Un silenzio perplesso dopo “Tutti quanti avete l’AI”. Steve Wozniak esordisce così nel suo discorso per i laureati della Grand Valley State University. Woz si applaude da solo e poi continua: “Actual Intelligence”, intelligenza autentica, gioco di parole sulla AI della sigla: artificiale o umana?

E continua: “Ho lavorato per un’azienda che ha capito come si fa a fare un cervello. Servono nove mesi”. Applausi a scena aperta.

Oggi tutti vogliono fare i commencement address, i discorsi del diploma dei college americani, e farsi riprendere mentre dicono cose intelligenti e fuori dalle righe. È sempre successo ma la “moda” è nata quando Steve Jobs tenne il suo famoso discorso “Siate affamati, siate folli” che, detto tra parentesi, per primo è stato “scoperto”, raccontato e tradotto integralmente da noi di Macitynet. Dopo una lunga lista di manager di tutte le grandi aziende tech, da Bill Gates a Tim Cook, è forse Woz quello che porta avanti meglio l’eredità di Jobs e del suo inimitabile discorso.

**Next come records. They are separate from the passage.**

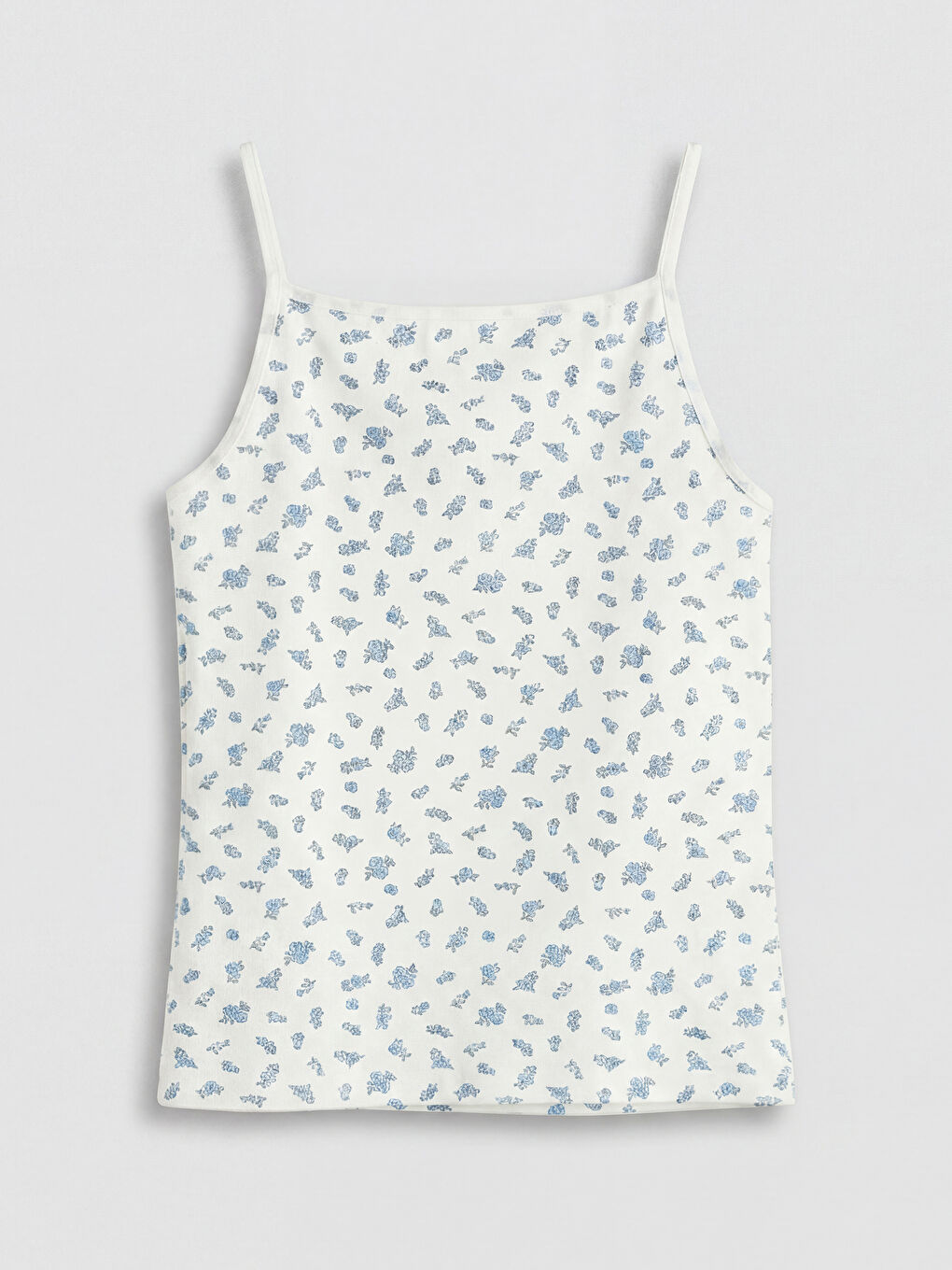 Beyaz Çiçek Desenli Kız Çocuk Atlet-1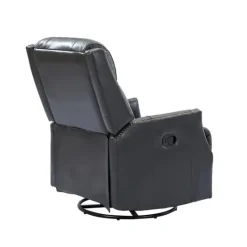 Kirkland's Home Charcoal Genuine Leather Swivel Recliner- Accent Chairs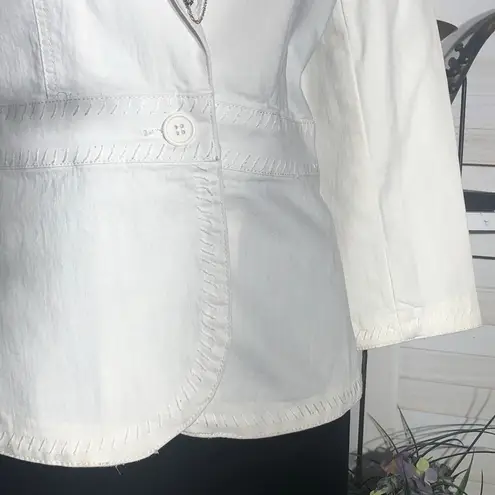 Apostrophe Embroidered Blazer Button Front Cotton Blend Cream Off White sz 2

L’uomo che ha fatto il cervello di Apple

La Grand Valley State University è una università pubblica del Michigan, a Grand Rapids, cinquantamila studenti, nessuna pretesa di essere Harvard o Stanford. Ed è probabilmente per questo, con quel tono “autentico” e non da palcoscenico di lusso, che il discorso di Steve Wozniak ha funzionato così bene. Il Woz, come lo chiamano tutti, è salito sul palco per la cerimonia di consegna dei diplomi invernali, che si è tenuta il primo maggio 2026, e in quella occasione ha ricevuto anche un dottorato honoris causa in informatica.